- **Work to be completed**: Word for word, repeat every entry that appears below.
(Beginning of Records shown)
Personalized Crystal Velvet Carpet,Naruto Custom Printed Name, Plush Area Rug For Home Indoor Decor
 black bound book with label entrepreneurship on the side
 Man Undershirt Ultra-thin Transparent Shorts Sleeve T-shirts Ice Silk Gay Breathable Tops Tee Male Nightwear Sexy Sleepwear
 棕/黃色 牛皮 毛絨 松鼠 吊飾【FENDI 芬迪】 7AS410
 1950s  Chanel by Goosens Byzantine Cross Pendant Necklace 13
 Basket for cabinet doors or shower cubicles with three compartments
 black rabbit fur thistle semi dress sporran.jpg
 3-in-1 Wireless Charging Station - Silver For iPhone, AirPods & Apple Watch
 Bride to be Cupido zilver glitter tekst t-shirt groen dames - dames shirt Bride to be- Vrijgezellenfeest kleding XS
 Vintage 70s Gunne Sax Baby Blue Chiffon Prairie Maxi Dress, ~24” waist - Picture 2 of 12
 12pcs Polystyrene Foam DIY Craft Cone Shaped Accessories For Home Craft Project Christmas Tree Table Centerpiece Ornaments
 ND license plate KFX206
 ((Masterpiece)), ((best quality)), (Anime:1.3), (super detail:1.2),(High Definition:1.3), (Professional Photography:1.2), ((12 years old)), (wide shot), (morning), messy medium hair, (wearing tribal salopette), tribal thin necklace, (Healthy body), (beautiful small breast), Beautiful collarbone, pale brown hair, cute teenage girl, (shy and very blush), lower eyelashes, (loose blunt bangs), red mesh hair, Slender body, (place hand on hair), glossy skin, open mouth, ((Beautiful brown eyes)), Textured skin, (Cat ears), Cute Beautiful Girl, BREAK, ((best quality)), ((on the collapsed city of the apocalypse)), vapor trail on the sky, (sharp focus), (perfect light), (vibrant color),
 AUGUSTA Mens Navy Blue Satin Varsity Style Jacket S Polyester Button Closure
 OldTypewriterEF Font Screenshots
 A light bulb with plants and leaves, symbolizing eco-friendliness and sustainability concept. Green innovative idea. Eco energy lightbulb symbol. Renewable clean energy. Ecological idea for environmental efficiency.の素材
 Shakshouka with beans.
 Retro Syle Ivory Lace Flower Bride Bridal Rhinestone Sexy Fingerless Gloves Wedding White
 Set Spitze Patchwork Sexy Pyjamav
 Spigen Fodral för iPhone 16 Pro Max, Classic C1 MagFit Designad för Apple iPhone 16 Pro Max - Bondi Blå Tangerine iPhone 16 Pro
(End of Records shown)
- **Reply to the exercise**:
Personalized Crystal Velvet Carpet,Naruto Custom Printed Name, Plush Area Rug For Home Indoor Decor
 black bound book with label entrepreneurship on the side
 Man Undershirt Ultra-thin Transparent Shorts Sleeve T-shirts Ice Silk Gay Breathable Tops Tee Male Nightwear Sexy Sleepwear
 棕/黃色 牛皮 毛絨 松鼠 吊飾【FENDI 芬迪】 7AS410
 1950s  Chanel by Goosens Byzantine Cross Pendant Necklace 13
 Basket for cabinet doors or shower cubicles with three compartments
 black rabbit fur thistle semi dress sporran.jpg
 3-in-1 Wireless Charging Station - Silver For iPhone, AirPods & Apple Watch
 Bride to be Cupido zilver glitter tekst t-shirt groen dames - dames shirt Bride to be- Vrijgezellenfeest kleding XS
 Vintage 70s Gunne Sax Baby Blue Chiffon Prairie Maxi Dress, ~24” waist - Picture 2 of 12
 12pcs Polystyrene Foam DIY Craft Cone Shaped Accessories For Home Craft Project Christmas Tree Table Centerpiece Ornaments
 ND license plate KFX206
 ((Masterpiece)), ((best quality)), (Anime:1.3), (super detail:1.2),(High Definition:1.3), (Professional Photography:1.2), ((12 years old)), (wide shot), (morning), messy medium hair, (wearing tribal salopette), tribal thin necklace, (Healthy body), (beautiful small breast), Beautiful collarbone, pale brown hair, cute teenage girl, (shy and very blush), lower eyelashes, (loose blunt bangs), red mesh hair, Slender body, (place hand on hair), glossy skin, open mouth, ((Beautiful brown eyes)), Textured skin, (Cat ears), Cute Beautiful Girl, BREAK, ((best quality)), ((on the collapsed city of the apocalypse)), vapor trail on the sky, (sharp focus), (perfect light), (vibrant color),
 AUGUSTA Mens Navy Blue Satin Varsity Style Jacket S Polyester Button Closure
 OldTypewriterEF Font Screenshots
 A light bulb with plants and leaves, symbolizing eco-friendliness and sustainability concept. Green innovative idea. Eco energy lightbulb symbol. Renewable clean energy. Ecological idea for environmental efficiency.の素材
 Shakshouka with beans.
 Retro Syle Ivory Lace Flower Bride Bridal Rhinestone Sexy Fingerless Gloves Wedding White
 Set Spitze Patchwork Sexy Pyjamav
 Spigen Fodral för iPhone 16 Pro Max, Classic C1 MagFit Designad för Apple iPhone 16 Pro Max - Bondi Blå Tangerine iPhone 16 Pro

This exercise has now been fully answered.